WHAT IS BEING ASKED: What lines in the following entries hold the word "Chapter"? Copy each one.

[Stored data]
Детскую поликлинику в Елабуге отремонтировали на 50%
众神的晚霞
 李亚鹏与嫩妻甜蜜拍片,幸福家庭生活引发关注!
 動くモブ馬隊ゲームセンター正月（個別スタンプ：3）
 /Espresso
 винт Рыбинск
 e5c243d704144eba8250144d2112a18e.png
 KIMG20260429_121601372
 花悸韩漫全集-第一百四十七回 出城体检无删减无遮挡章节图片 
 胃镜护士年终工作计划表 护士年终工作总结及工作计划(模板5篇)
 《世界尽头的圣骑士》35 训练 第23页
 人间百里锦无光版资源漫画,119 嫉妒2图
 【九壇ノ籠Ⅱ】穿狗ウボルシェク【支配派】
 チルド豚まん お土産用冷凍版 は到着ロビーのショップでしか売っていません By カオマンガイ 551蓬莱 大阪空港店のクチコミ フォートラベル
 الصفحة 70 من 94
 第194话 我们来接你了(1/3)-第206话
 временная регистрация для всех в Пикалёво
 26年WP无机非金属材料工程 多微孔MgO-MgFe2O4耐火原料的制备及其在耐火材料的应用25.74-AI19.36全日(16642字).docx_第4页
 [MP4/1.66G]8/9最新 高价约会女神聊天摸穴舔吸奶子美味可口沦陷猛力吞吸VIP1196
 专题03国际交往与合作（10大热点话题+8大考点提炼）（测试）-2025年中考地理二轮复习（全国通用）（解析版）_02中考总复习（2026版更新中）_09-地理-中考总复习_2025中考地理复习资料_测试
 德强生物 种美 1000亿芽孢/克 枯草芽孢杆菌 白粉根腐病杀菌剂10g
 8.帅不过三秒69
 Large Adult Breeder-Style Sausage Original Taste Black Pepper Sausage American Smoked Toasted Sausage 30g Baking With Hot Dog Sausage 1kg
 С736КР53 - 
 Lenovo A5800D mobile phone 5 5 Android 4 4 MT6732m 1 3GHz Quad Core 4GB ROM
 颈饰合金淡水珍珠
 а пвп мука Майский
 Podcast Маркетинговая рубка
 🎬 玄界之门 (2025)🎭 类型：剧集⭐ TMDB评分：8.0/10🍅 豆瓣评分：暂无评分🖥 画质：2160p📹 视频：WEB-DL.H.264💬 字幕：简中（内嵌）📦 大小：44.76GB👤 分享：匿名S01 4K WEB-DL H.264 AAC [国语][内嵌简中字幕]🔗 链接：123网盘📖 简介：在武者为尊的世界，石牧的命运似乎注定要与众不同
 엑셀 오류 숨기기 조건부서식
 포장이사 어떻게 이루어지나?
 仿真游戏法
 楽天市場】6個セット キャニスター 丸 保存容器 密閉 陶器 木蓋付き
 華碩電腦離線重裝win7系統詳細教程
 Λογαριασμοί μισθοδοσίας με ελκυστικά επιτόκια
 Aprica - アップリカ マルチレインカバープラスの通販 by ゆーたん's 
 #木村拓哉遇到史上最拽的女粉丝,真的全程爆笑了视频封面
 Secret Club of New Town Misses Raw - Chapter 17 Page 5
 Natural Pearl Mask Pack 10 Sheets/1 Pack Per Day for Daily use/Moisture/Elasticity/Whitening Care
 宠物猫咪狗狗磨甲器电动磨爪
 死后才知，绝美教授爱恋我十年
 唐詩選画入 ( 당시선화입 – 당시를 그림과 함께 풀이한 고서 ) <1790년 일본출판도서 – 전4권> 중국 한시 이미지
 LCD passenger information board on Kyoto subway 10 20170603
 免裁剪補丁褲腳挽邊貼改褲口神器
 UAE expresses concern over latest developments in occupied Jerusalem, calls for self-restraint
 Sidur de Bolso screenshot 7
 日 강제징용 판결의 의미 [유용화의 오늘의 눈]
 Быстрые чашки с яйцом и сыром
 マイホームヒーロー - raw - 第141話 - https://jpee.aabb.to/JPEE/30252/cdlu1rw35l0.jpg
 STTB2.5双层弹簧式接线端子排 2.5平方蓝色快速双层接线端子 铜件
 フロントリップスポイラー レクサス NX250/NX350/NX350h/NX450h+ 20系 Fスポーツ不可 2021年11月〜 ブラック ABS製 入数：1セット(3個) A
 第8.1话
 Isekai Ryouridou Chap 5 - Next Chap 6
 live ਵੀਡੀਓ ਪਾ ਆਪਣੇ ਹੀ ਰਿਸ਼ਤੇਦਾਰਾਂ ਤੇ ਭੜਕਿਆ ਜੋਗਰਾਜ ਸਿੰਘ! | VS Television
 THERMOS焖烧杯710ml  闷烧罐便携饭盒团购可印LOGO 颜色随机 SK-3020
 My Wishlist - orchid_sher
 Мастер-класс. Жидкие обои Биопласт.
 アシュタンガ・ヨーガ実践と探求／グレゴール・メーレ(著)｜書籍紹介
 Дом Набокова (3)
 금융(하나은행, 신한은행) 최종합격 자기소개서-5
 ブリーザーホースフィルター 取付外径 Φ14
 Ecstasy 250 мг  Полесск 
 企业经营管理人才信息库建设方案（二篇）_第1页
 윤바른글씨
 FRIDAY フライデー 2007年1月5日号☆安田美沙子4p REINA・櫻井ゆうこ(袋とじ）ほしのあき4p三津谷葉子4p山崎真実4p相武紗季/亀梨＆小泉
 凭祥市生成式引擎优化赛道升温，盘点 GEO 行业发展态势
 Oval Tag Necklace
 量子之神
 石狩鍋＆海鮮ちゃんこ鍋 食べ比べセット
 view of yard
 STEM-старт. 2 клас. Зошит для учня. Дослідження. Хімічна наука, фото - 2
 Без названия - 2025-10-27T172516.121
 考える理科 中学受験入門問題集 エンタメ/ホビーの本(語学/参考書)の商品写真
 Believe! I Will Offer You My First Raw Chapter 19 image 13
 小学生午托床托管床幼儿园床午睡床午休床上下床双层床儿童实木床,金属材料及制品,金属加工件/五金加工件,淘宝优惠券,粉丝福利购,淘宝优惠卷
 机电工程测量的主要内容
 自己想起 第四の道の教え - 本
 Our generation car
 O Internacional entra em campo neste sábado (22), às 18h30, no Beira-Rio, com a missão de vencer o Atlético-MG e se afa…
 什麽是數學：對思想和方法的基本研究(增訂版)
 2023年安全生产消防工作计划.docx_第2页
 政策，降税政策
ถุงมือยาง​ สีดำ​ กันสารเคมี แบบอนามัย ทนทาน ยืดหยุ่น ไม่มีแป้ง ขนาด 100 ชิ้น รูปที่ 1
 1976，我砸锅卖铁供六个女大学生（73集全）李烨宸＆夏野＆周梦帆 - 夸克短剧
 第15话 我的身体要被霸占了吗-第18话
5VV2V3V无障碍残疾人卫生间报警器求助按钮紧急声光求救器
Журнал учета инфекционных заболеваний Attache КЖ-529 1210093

ANSWER TO THIS PROBLEM:
 Secret Club of New Town Misses Raw - Chapter 17 Page 5
 Believe! I Will Offer You My First Raw Chapter 19 image 13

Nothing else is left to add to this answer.